■ **Work item**:
Return the data below exactly as given, except for the images.

[Items from a dataset]
---

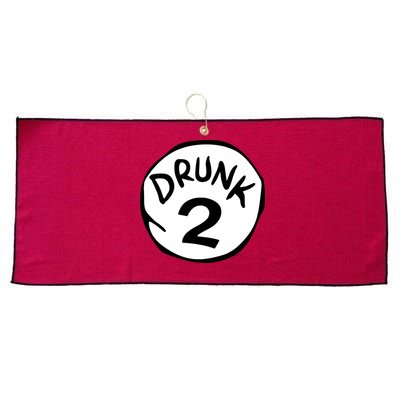 Drunk 2 St Patrick Day Funny Drunk Beer Pong Drunk 2 Large Microfiber Waffle Golf Towel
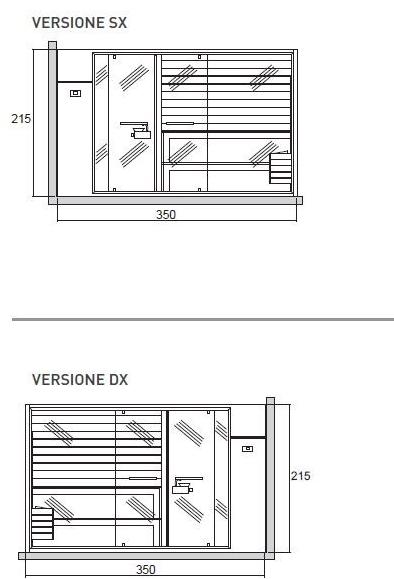 Gruppo Geromin Хаммам со встроенным душем и сауной Ethos sun-id-1510962 - Вид №2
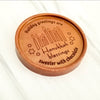 Noteworthy Chocolates Greetings Hanukkah Blessings Personalized Chocolate Medallions - Box of 3 Personalized custom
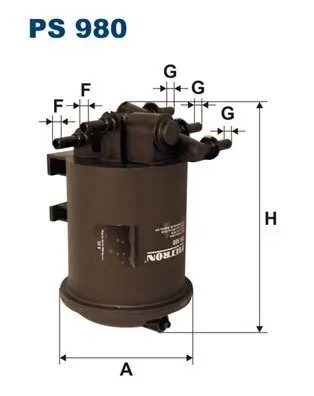 Kraftstofffilter FILTRON PS 980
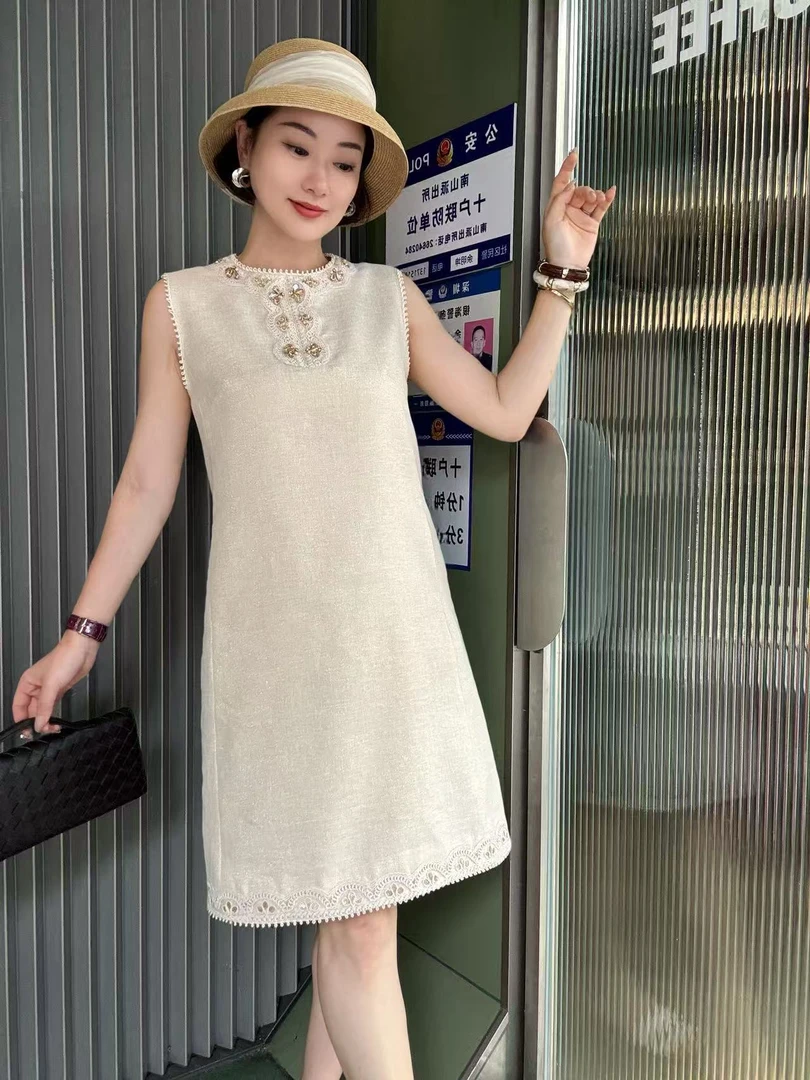 【珍珍粉丝专享】A13深圳南油高端女装2025夏季新品连衣裙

---

■ **Solution for this task**:
 Drunk 2 St Patrick Day Funny Drunk Beer Pong Drunk 2 Large Microfiber Waffle Golf Towel
 Gruppo Geromin Хаммам со встроенным душем и сауной Ethos sun-id-1510962 - Вид №2
 Noteworthy Chocolates Greetings Hanukkah Blessings Personalized Chocolate Medallions - Box of 3 Personalized custom
 Kraftstofffilter FILTRON PS 980
 【珍珍粉丝专享】A13深圳南油高端女装2025夏季新品连衣裙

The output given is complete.